Commentary: Conquest is confusing to many civilian scholars because allows the displacement of the lawful sovereignty during military occupation. The occupation confers a domain of sovereignty but it doe s not formalize the displacement of that sovereignty into a permanent acquisition as hostilities are regarded as still continuing. Only the peace treaty does this for allowing permanent acquisition or "cession by treaty" of the original conquest.

The United States has a long history of acquiring territorial cessions. At the present time, the community of United States overseas includes Guam, Puerto Rico, American Samoa, the Northern Mariana Islands, and the U. S. Virgin Islands. Each of these territories has a unique relationship with the USA, largely due to their individual histories and the circumstances by which they came under USA administrative authority. However, they all share many important features, and are classified as unincorporated territories, a term that derives from Supreme Court Justice Edward Douglass White's concurring opinion in Downes v. Bidwell (1901). To be an unincorporated territory is to belong to but remain separate from the United States. Before this ruling, all newly acquired territories were incorporated by default. Please refer to the following chart.






PART 3: THE RIGHT TO ACQUIRE TERRITORY AND THE EFFECT OF TREATIES

By article 2, 2, of the Constitution, the President is given power, 'by and with the advice and consent of the Senate, to make treaties, provided two thirds of the senators present concur;' and by article 6, 'this Constitution and the laws [182 U.S. 1, 195] of the United States which shall be made in pursuance thereof, and all treaties made or which shall be made under the authority of the United States, shall be the supre me law of the land.' It will be observed that no distinction is made as to the question of supremacy between laws and treaties, except that both are controlled by the Constitution. A law requires the assent of both houses of Congress, and, except in certain specified cases, the signature of the President. A treaty is negotiated and made by the President, with the concurrence of two thirds of the senators present, but each of them is the supreme law of the land.

As was said by Chief Justice Marshall in United States v.

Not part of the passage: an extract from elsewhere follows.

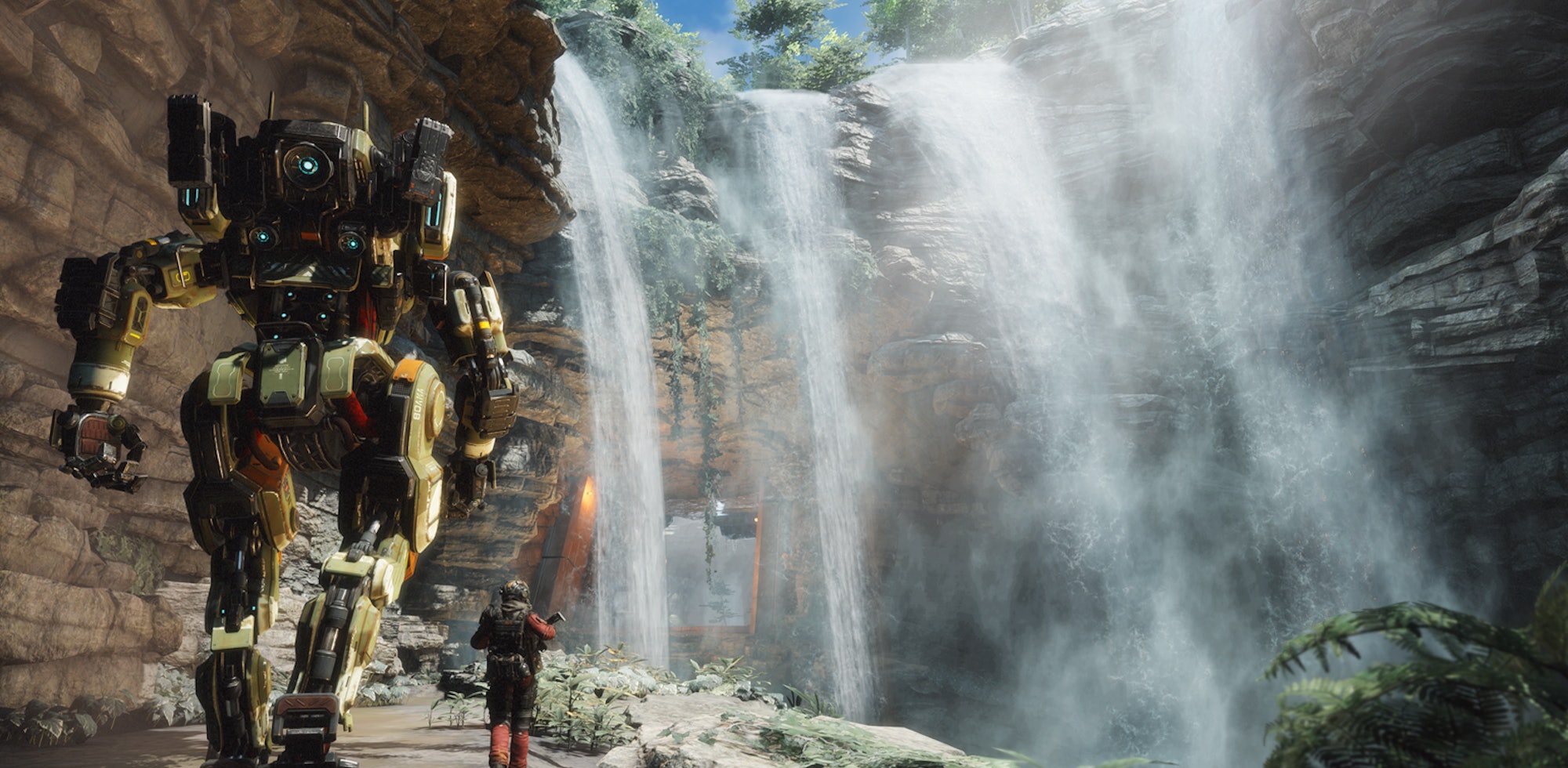 I Embarrassed Myself Playing 'Titanfall 2'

The Peggy, 1 Cranch, 103, 110, 2 L. ed. 49, 51: 'Where a treaty is the law of the land, and as such affects the rights of parties litigating in court, that treaty as much binds those rights, and is as much to be regarded by the court, as an act of Congress.' And in Foster v. Neilson, 2 Pet. 253, 314, 7 L. ed. 415, 435, he repeated this in substance: 'Our Constitution declares a treaty to be the law of the land. It is, consequently, to be regarded in courts of justice as equivalent to an act of the legislature, whenever it operates of itself without the aid of any legislative provision.' So in Whitney v. Robertson, 124 U.S. 190 , 31 L. ed. 386, 8 Sup. Ct. Rep. 456: 'By the Constitution a treaty is placed on the same footing, and made of like obligation, with an act of legislation. Both are declared by that instrument to be the supreme law of the land, and no superior efficacy is given to either over the other. . . . . . .

One of the ordinary incidents of a treaty is the cession of territory. It is not too much to say it is the rule, rather than the exception, that a treaty of peace, following upon a war, provides for a cession of territory to the victorious party. It was said by Chief Justice Marshall in American Ins. Co. v. 356 Bales of Cotton, 1 Pet. 511, 542, 7 L. ed. 242, 255; 'The Constitution confers absolutely upon the government [182 U.S. 1, 196] of the Union the powers of making war and of making treaties; consequently that government possesses the power of acquiring territory, either by conquest or by treaty.' It follows from this that by the ratification of the treaty of Paris the island [of Porto Rico] became territory of the United States, although not an organized territory in the technical sense of the word.

But whatever be the source of this power, its uninterrupted exercise by Congress for a century, and the repeated declarations of this court, have settled the law that the right to acquire territory involves the right to govern and dispose of it. That was stated by Chief Justice Taney in the Dred Scott Case.

In the more recent case of National Bank v. Yankton County, 101 U.S. 129 , 25 L. ed. 1046, it was said by Mr. Chief Justice Waite that Congress 'has full and complete legislative authority over the people of the territories and all the departments of the territorial governments. It may do for the territories what the people, under the Constitution of the United States, may do for the states.' Indeed, it is scarcely too much to say that there has not been a session of Congress since the territory of Louisiana was purchased, that that body has not enacted legislation based upon the assumed authority to govern and control the territories. It is an authority which arises, not necessarily from the territorial clause of the Constitution, but from the necessities of the case, and from the inability of the states to act upon the [182 U.S. 1, 197] subject. Under this power Congress may deal with territory acquired by treaty; may administer its government as it does that of the District o f Columbia; it may organize a local territorial government; it may admit it as a state upon an equality with other states; it may sell its public lands to individual citizens, or may donate them as homesteads to actual settlers. In short, when once acquired by treaty, it belongs to the United States, and is subject to the disposition of Congress.
   Source: DeLIMA v. BIDWELL, 182 U.S. 1 (1901)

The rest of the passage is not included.